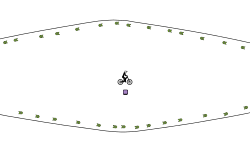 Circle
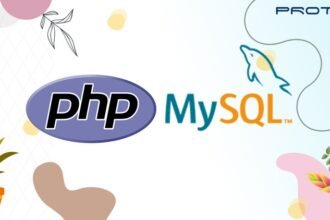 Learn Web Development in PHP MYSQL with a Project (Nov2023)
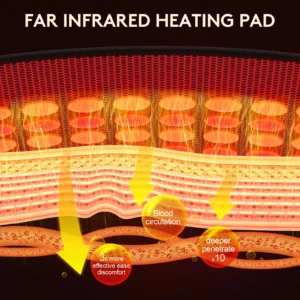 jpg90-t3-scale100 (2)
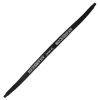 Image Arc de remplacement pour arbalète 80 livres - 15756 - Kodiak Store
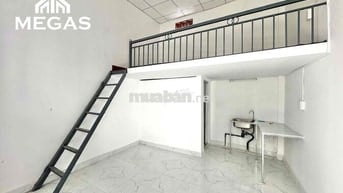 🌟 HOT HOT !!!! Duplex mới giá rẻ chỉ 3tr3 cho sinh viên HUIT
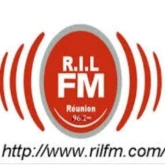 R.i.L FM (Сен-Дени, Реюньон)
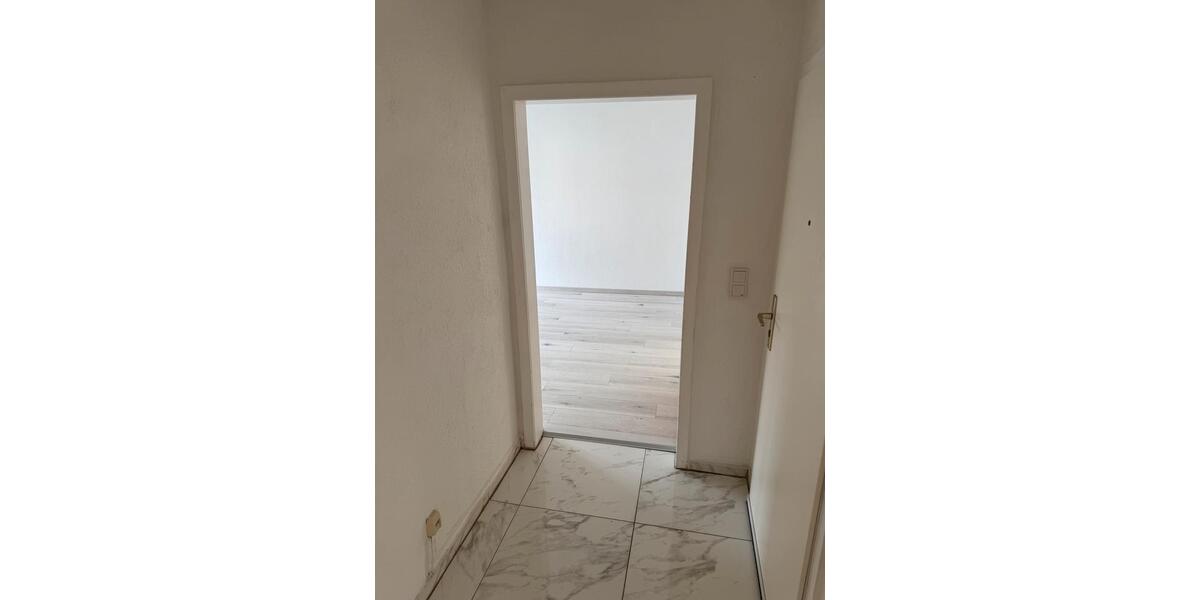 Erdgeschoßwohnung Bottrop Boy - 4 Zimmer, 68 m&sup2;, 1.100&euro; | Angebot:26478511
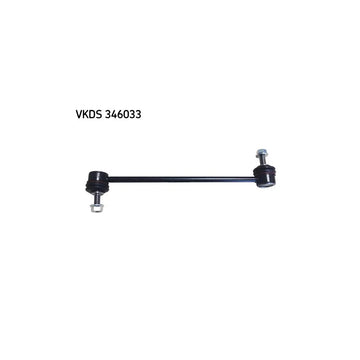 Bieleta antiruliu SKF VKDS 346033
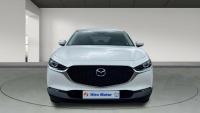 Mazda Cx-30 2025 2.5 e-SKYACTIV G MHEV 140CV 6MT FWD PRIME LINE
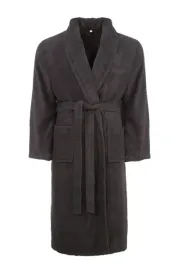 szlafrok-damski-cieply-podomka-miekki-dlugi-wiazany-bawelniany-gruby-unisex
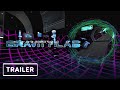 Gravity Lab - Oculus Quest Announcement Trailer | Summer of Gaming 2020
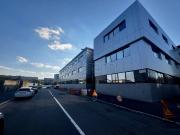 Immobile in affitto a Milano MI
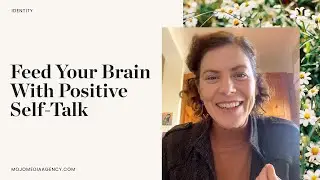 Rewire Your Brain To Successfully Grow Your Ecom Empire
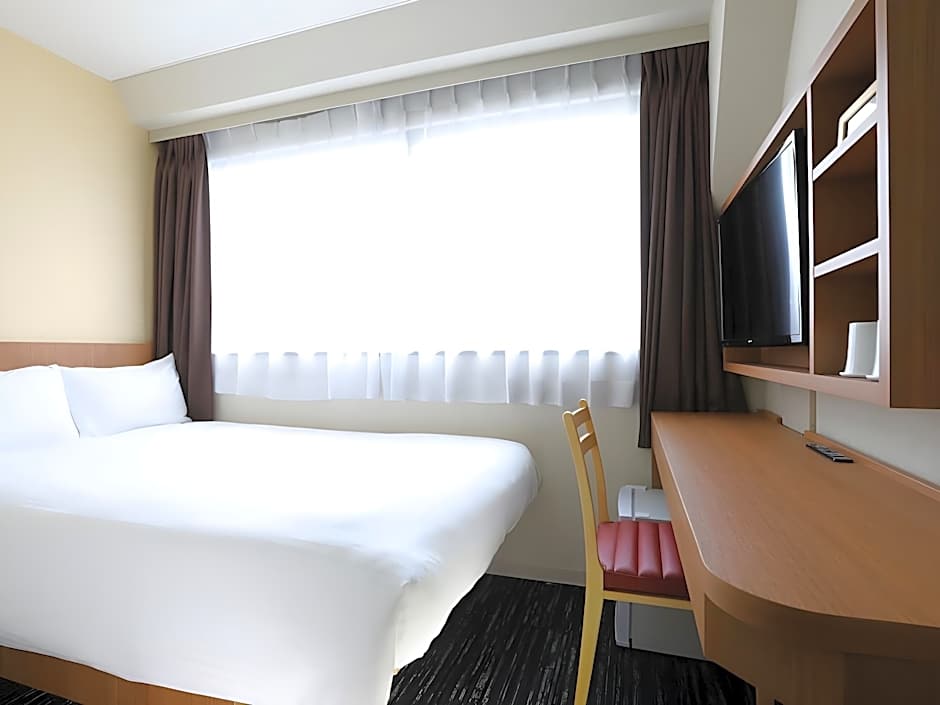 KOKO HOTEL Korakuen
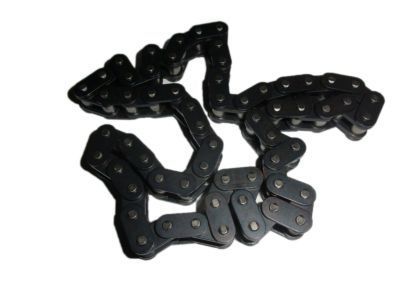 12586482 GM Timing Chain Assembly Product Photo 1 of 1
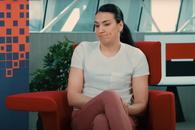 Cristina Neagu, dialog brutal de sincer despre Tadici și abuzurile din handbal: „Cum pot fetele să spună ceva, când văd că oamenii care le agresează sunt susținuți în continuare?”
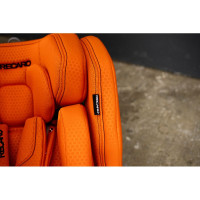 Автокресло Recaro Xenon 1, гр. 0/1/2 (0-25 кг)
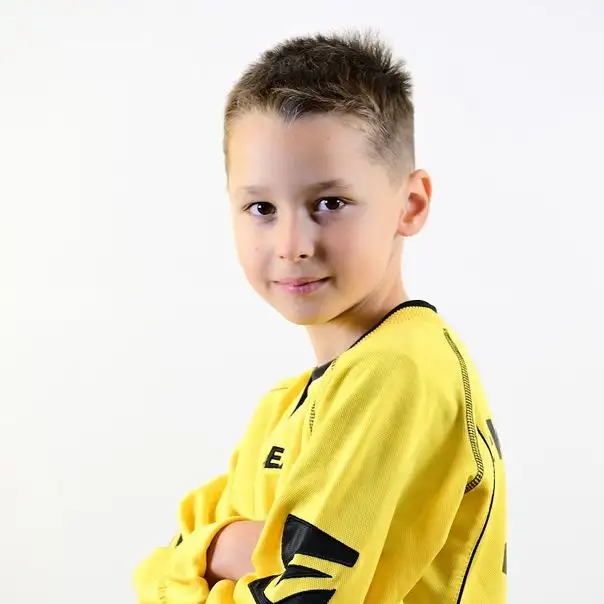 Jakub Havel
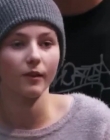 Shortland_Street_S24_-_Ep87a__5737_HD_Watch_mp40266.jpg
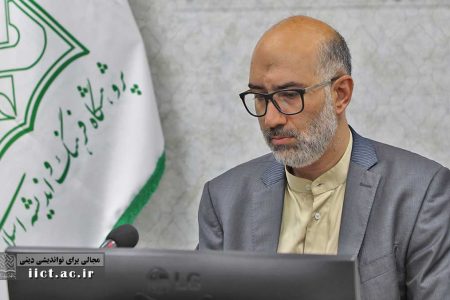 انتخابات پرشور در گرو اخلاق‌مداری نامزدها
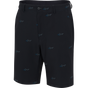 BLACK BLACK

**What you are asked to do:** Before answering, find the line with "Bieleta antiruliu SKF VKDS 346033" in the records above; then reproduce exactly each line from the first through that line, leaving out pictures.

**Response area:**
 Circle
 Learn Web Development in PHP MYSQL with a Project (Nov2023)
 jpg90-t3-scale100 (2)
 Image Arc de remplacement pour arbalète 80 livres - 15756 - Kodiak Store
 🌟 HOT HOT !!!! Duplex mới giá rẻ chỉ 3tr3 cho sinh viên HUIT
 R.i.L FM (Сен-Дени, Реюньон)
 Erdgeschoßwohnung Bottrop Boy - 4 Zimmer, 68 m&sup2;, 1.100&euro; | Angebot:26478511
 Bieleta antiruliu SKF VKDS 346033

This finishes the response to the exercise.